About this task
In the copy, include every entry exactly but none of its images.
== Provided records ==
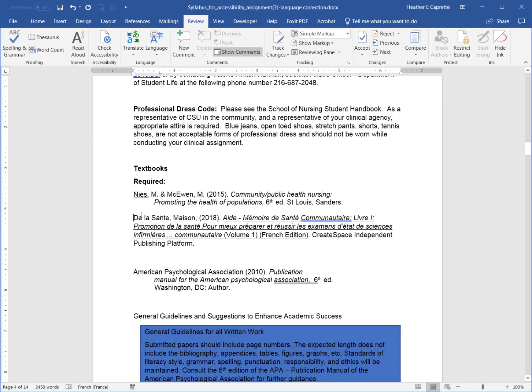Menu, 2018, LinkAid Memoir de Santé Communitaire. Livre E. Promotion de la santé pour mieux préparer et réussir les examens d'état de science infirmière. Communitaire. Volume 1. French Edition, Out of Link, Create Space, Independent Publishing Platform, American.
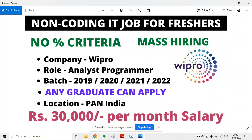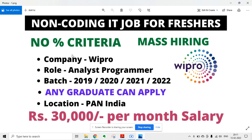There is a job notification from Wipro. They are hiring for the role of analyst programmer. All batches can apply - 2019 to 2022 - and any graduate can apply. The location will be pan India, and rupees 30,000 per month will be the salary. It is a non-coding IT job, so no coding experience is required, and no percentage criteria is there. It will be a mass hiring.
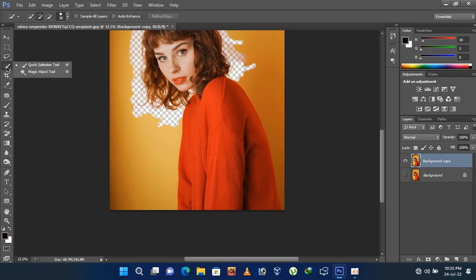Now select the quick selection tool and drag over the background for making selection of the background.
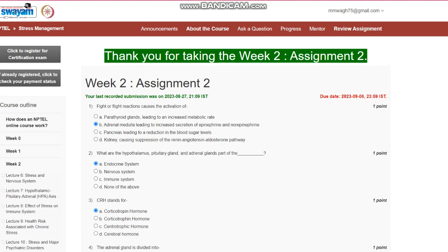Hello everyone, this is assignment number 2 for stress management. Question number 1: Fight or flight reaction causes the activation of, the answer is B, adrenal medulla, leading to increased secretion of epinephrine and norepinephrine.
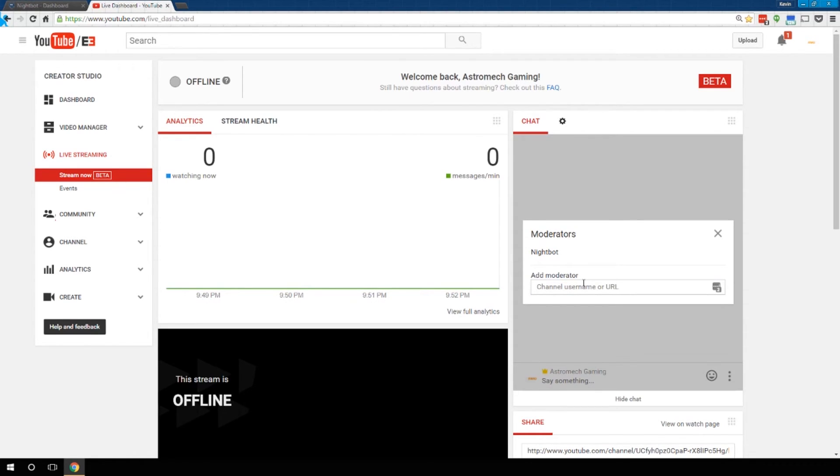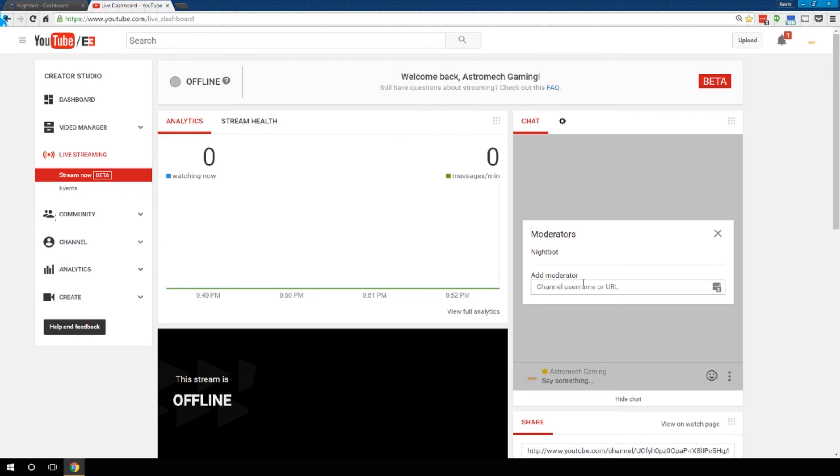And Nightbot will now be a moderator and have the ability to time people out, ban people if necessary, advertise for you at links and do giveaways, all sorts of cool neat stuff which we'll cover in other videos. Once you have him set up and doing this in your chat, he's ready to go for the live streams.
===
Your response
Menu, 2018, LinkAid Memoir de Santé Communitaire. Livre E. Promotion de la santé pour mieux préparer et réussir les examens d'état de science infirmière. Communitaire. Volume 1. French Edition, Out of Link, Create Space, Independent Publishing Platform, American.
There is a job notification from Wipro. They are hiring for the role of analyst programmer. All batches can apply - 2019 to 2022 - and any graduate can apply. The location will be pan India, and rupees 30,000 per month will be the salary. It is a non-coding IT job, so no coding experience is required, and no percentage criteria is there. It will be a mass hiring.
Now select the quick selection tool and drag over the background for making selection of the background.
Hello everyone, this is assignment number 2 for stress management. Question number 1: Fight or flight reaction causes the activation of, the answer is B, adrenal medulla, leading to increased secretion of epinephrine and norepinephrine.
And Nightbot will now be a moderator and have the ability to time people out, ban people if necessary, advertise for you at links and do giveaways, all sorts of cool neat stuff which we'll cover in other videos. Once you have him set up and doing this in your chat, he's ready to go for the live streams.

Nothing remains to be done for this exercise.